> _PROBLEM_
Output exactly the lines from the line that has "Zhiil Poster" through the last line of the data below, with no pictures.

-- RECORDS FOR THE TASK follows --

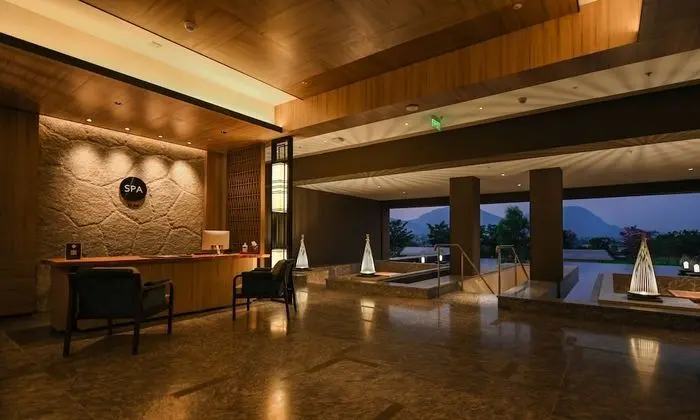 JW Marriott Bengaluru Prestige Golfshire Resort & Spa - Spa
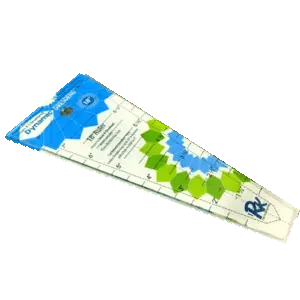 RNK DRESDEN RULER 18" - Linda's Electric Quilters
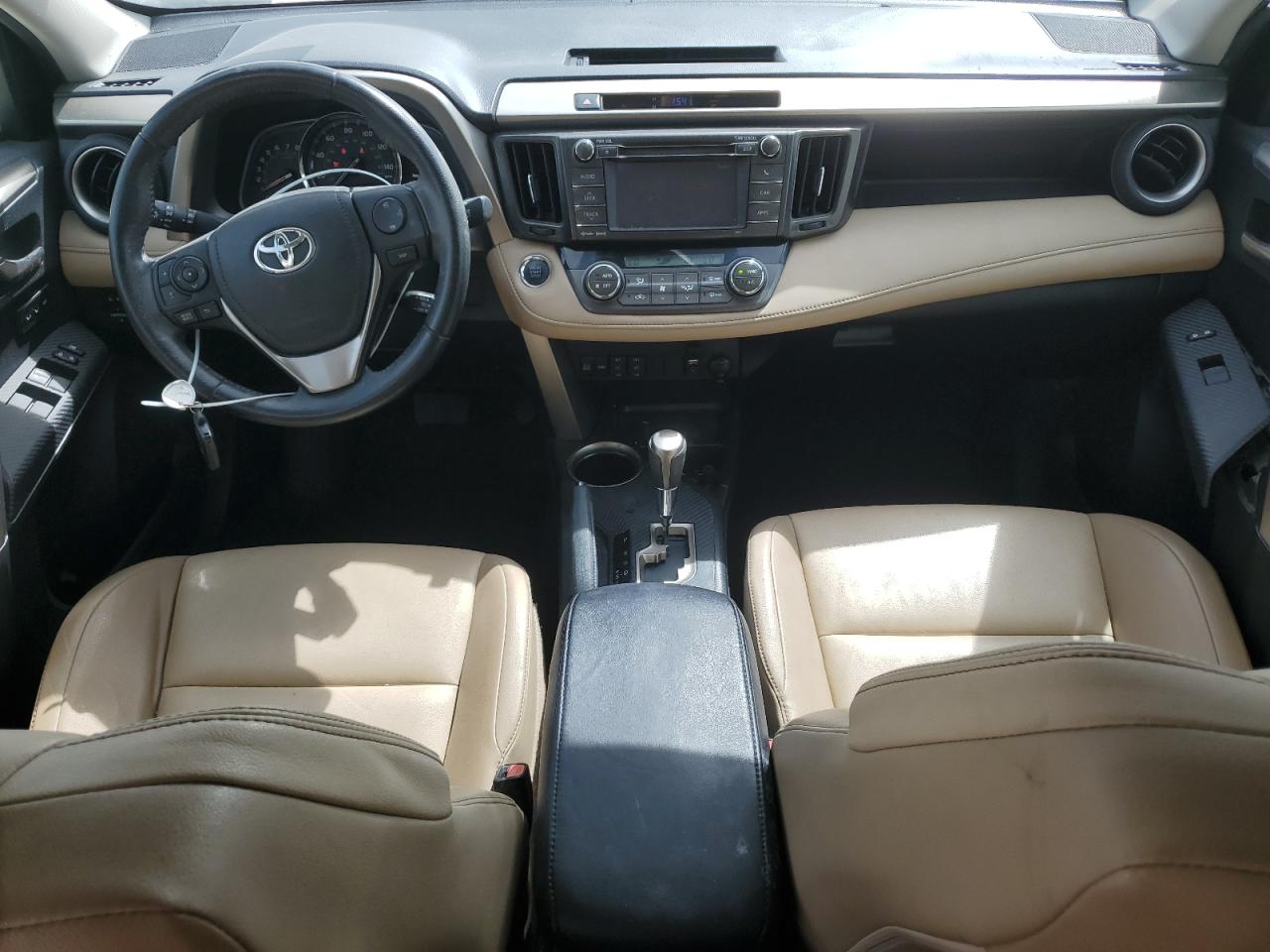 2013 Toyota RAV 4 - Image 8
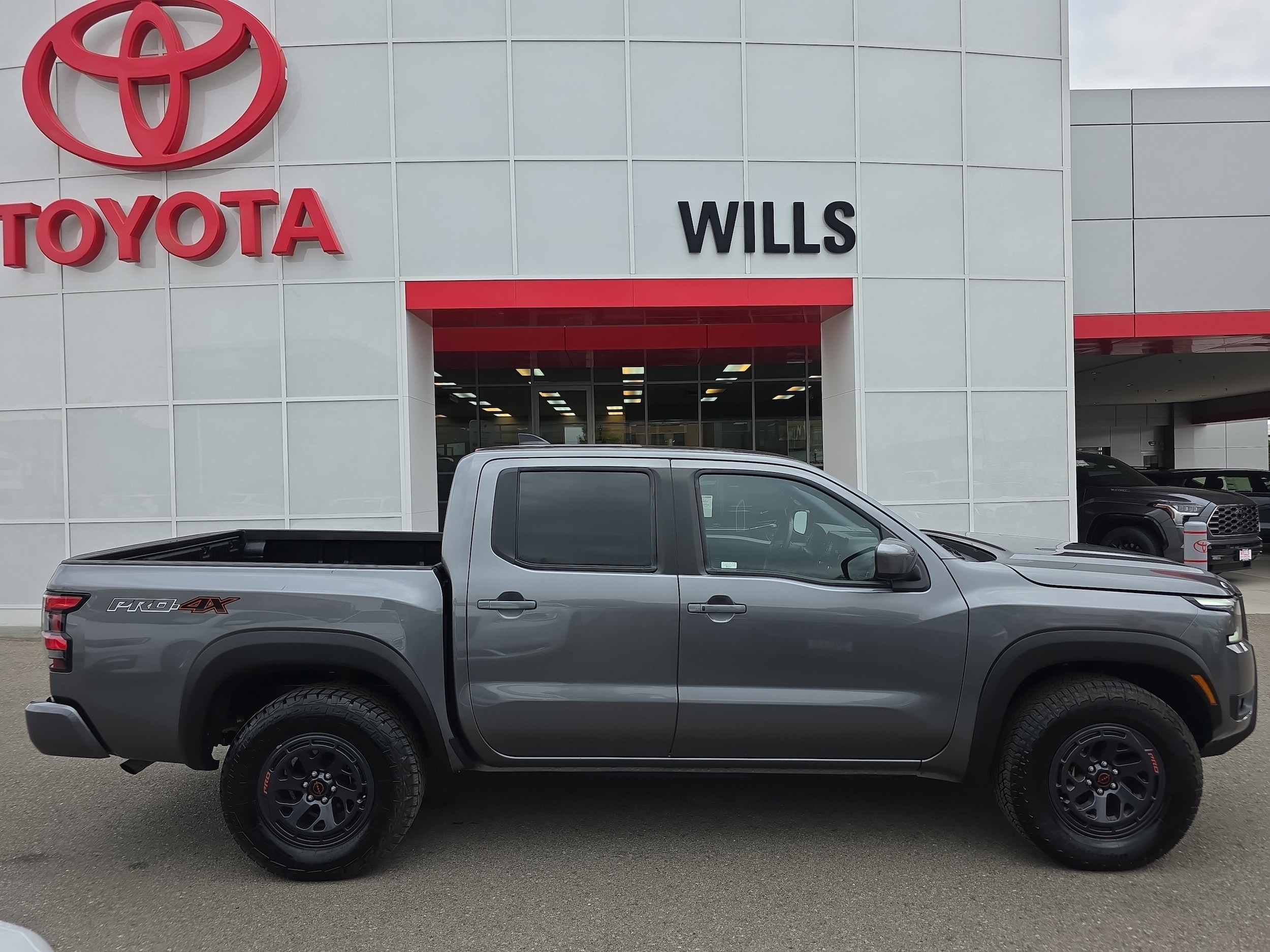 2026 Nissan Frontier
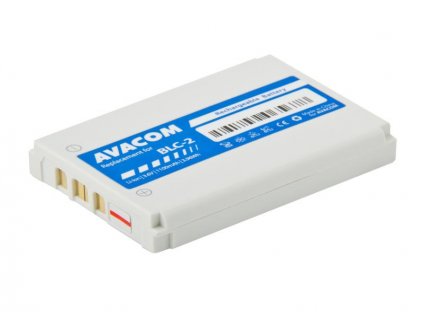 AVACOM Baterie do mobilu Nokia 3410, 3310, 3510 Li-Ion 3,6V 1100mAh (náhrada BLC-2) (GSNO-BLC2-1100A)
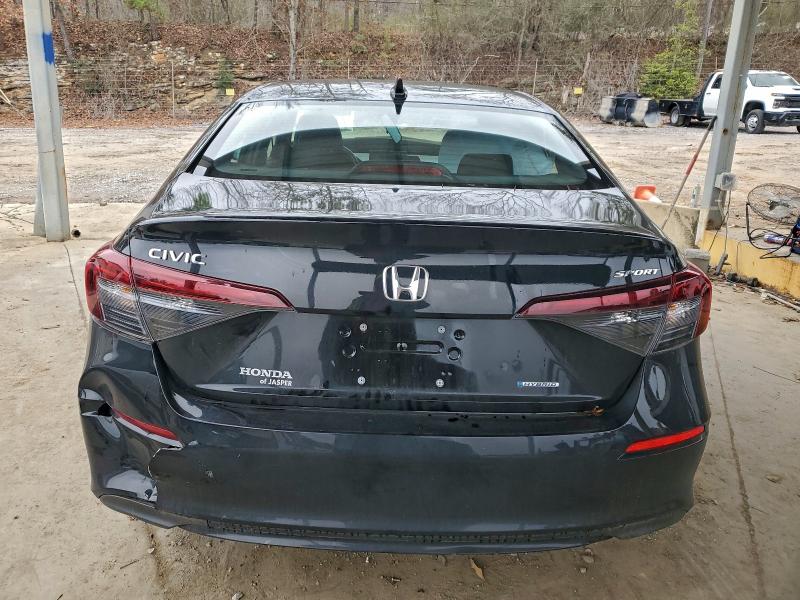 Фото 6 - HONDA CIVIC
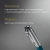 Ручка перьев. Parker 51 Core (2123506) Teal Blue CT F сталь нержавеющая подар.кор. Ручка перьев. Parker 51 Core (2123506) Teal Blue CT F сталь нержавеющая подар.кор.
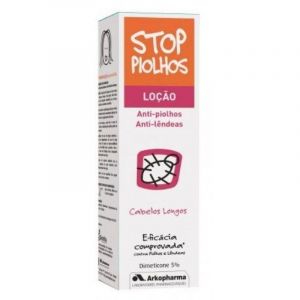 Stop Piolhos Loção Anti-Parasitária Cabelos Longos sem Pente 100ml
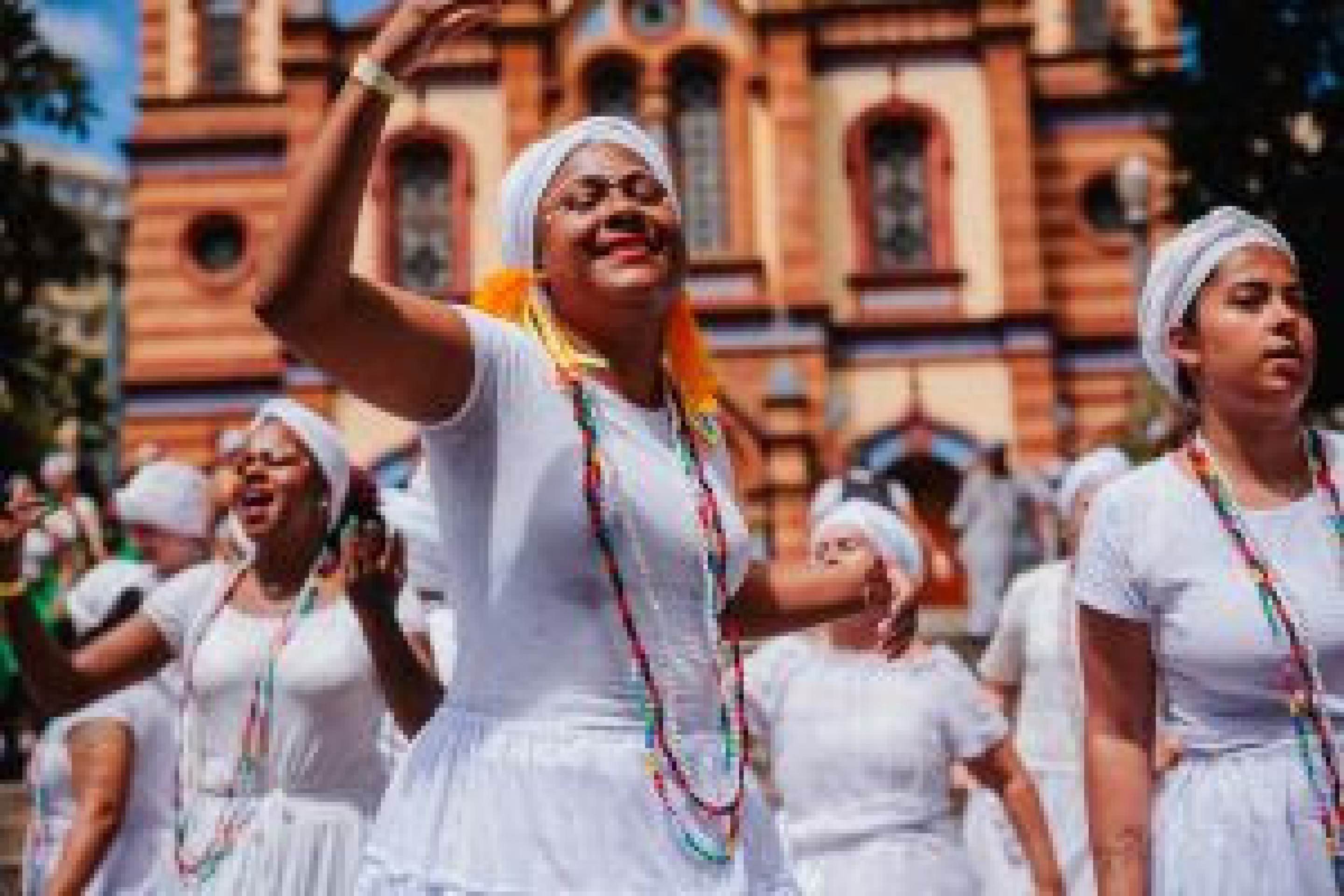 Carnaval BH: Baianas Ozadas exaltará a força feminina em desfile no Centro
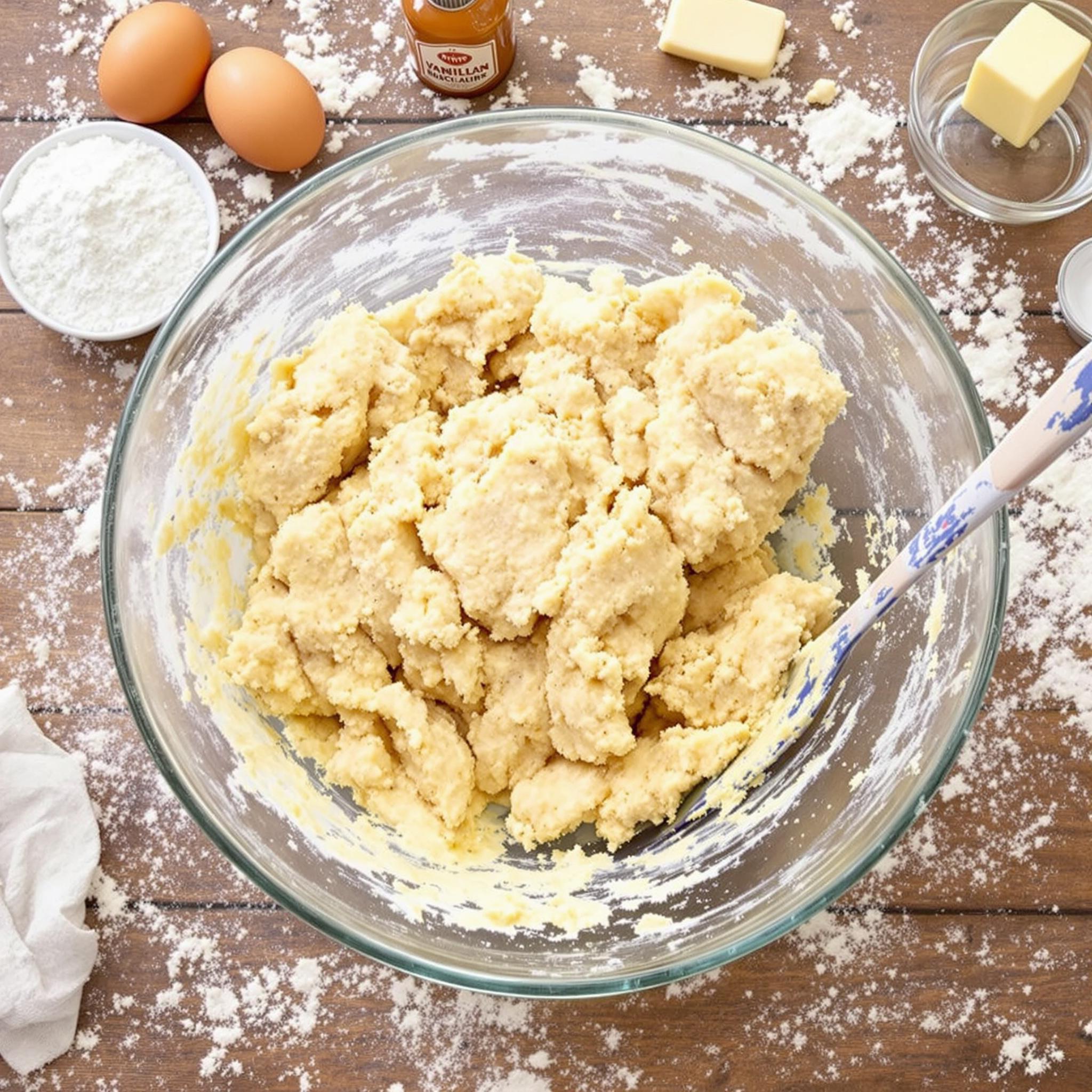 recette au biscuit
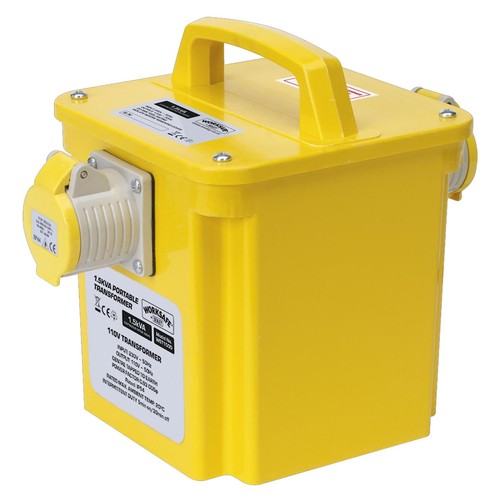 Sealey portable transformer - portable,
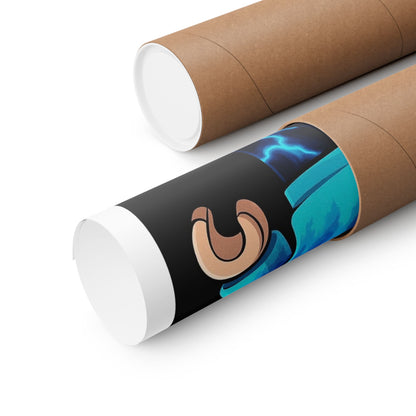 Zhiil Poster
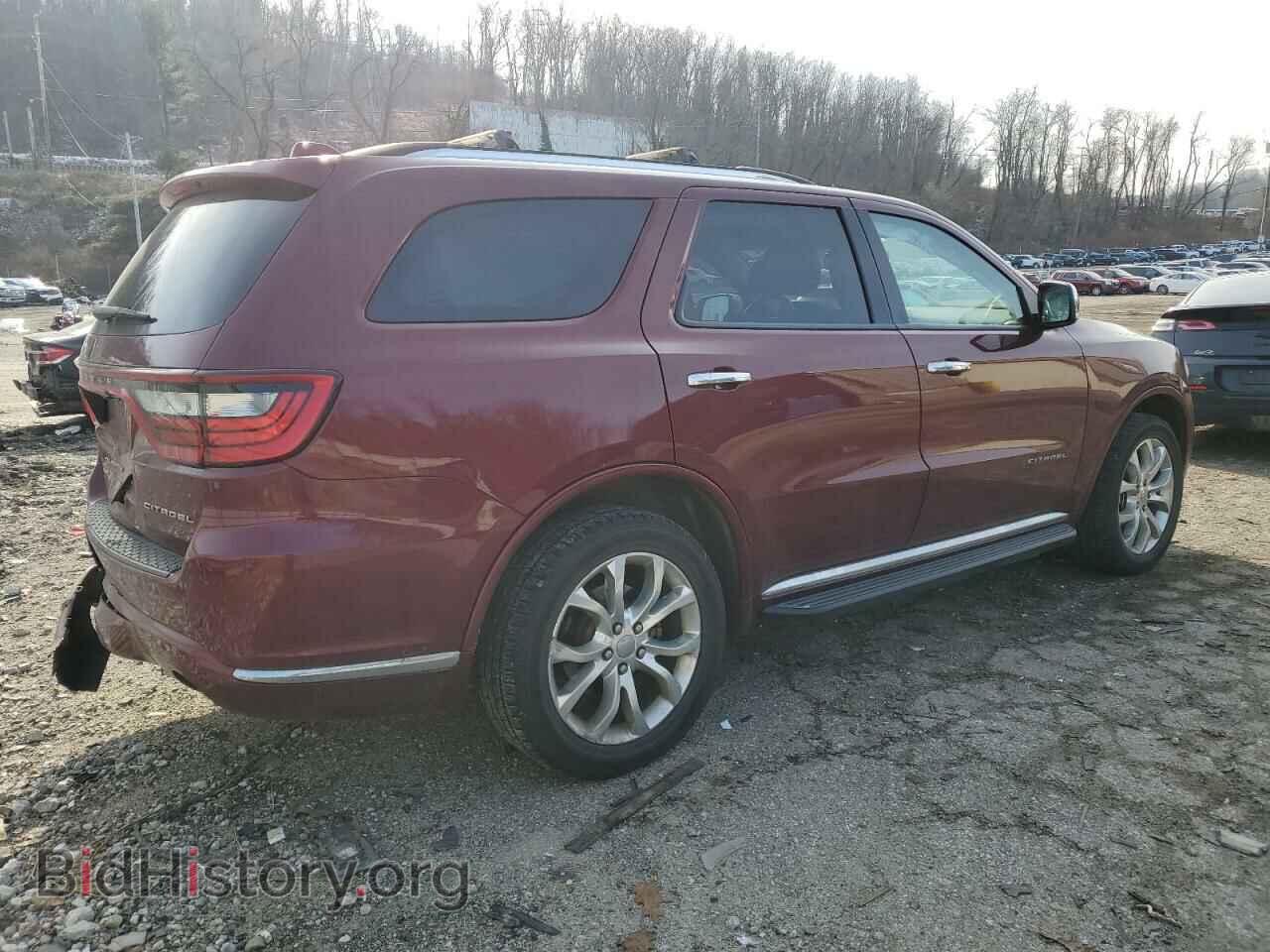2017 DODGE DURANGO - VIN: 1C4RDJEGXHC775441 - Photo 3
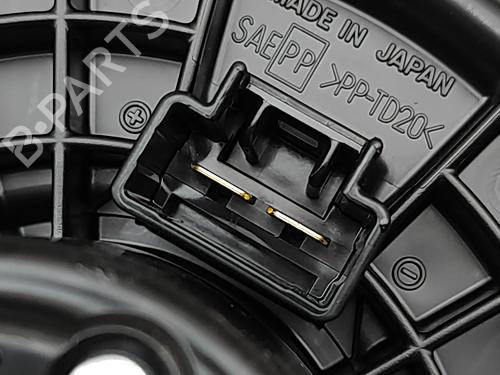 Heater blower motor MAZDA CX-5 (KF) 2.0 | BP29867504M62 - Image 4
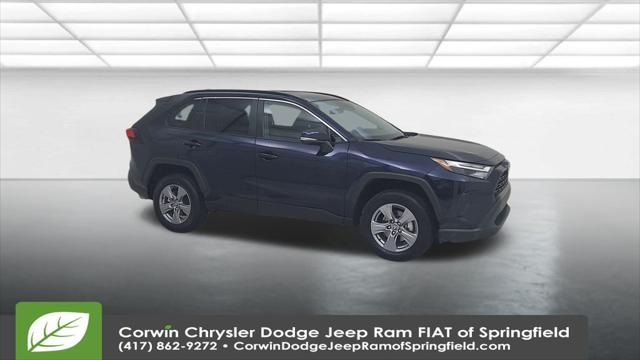 2024 Toyota RAV4 XLE 2024 Toyota RAV4 XLE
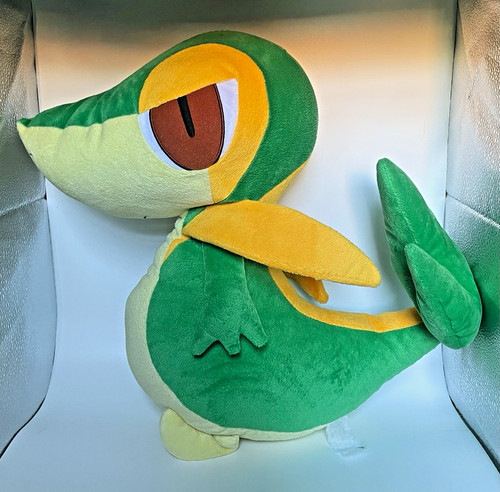 Rare jumbo tomy snivy - rare,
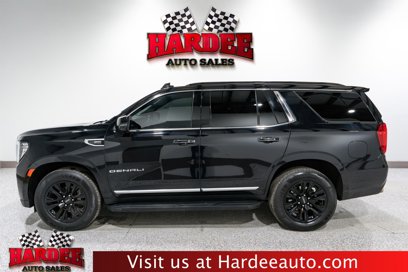 Used 2021 GMC Yukon Denali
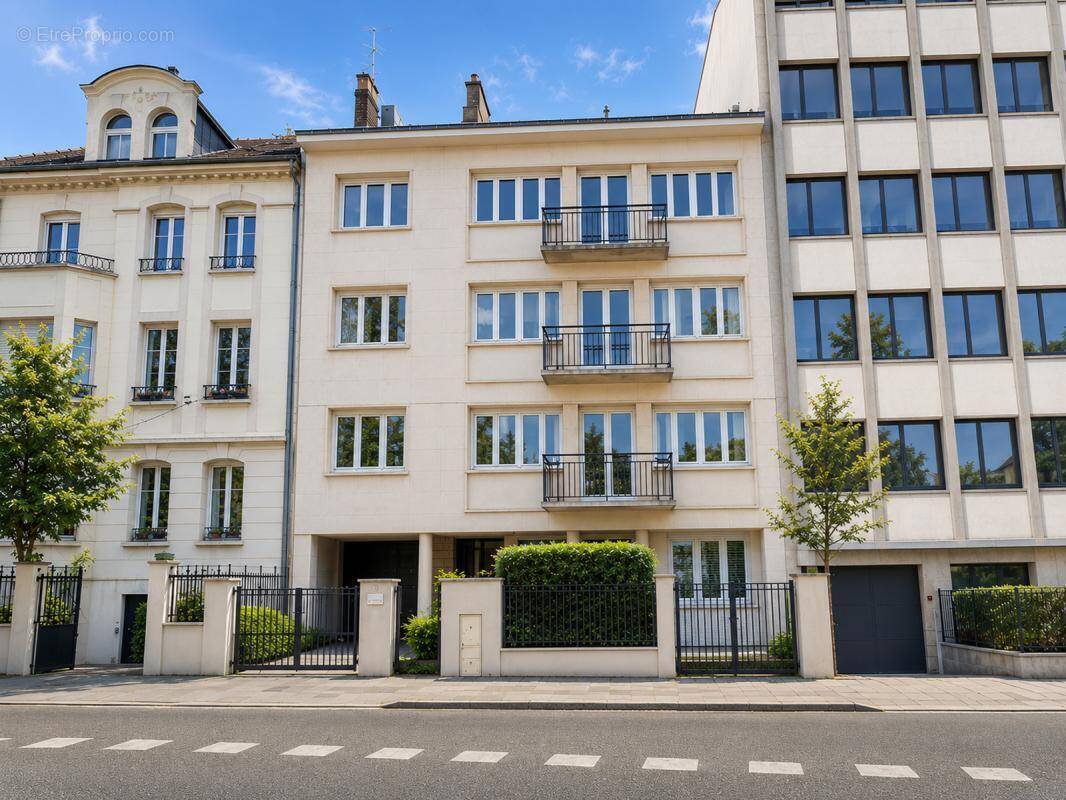 Appartement à METZ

-- RECORDS FOR THE TASK concluded --

> _OUTPUT_
 Zhiil Poster
2017 DODGE DURANGO - VIN: 1C4RDJEGXHC775441 - Photo 3
 Heater blower motor MAZDA CX-5 (KF) 2.0 | BP29867504M62 - Image 4
 2024 Toyota RAV4 XLE 2024 Toyota RAV4 XLE
 Rare jumbo tomy snivy - rare,
 Used 2021 GMC Yukon Denali
 Appartement à METZ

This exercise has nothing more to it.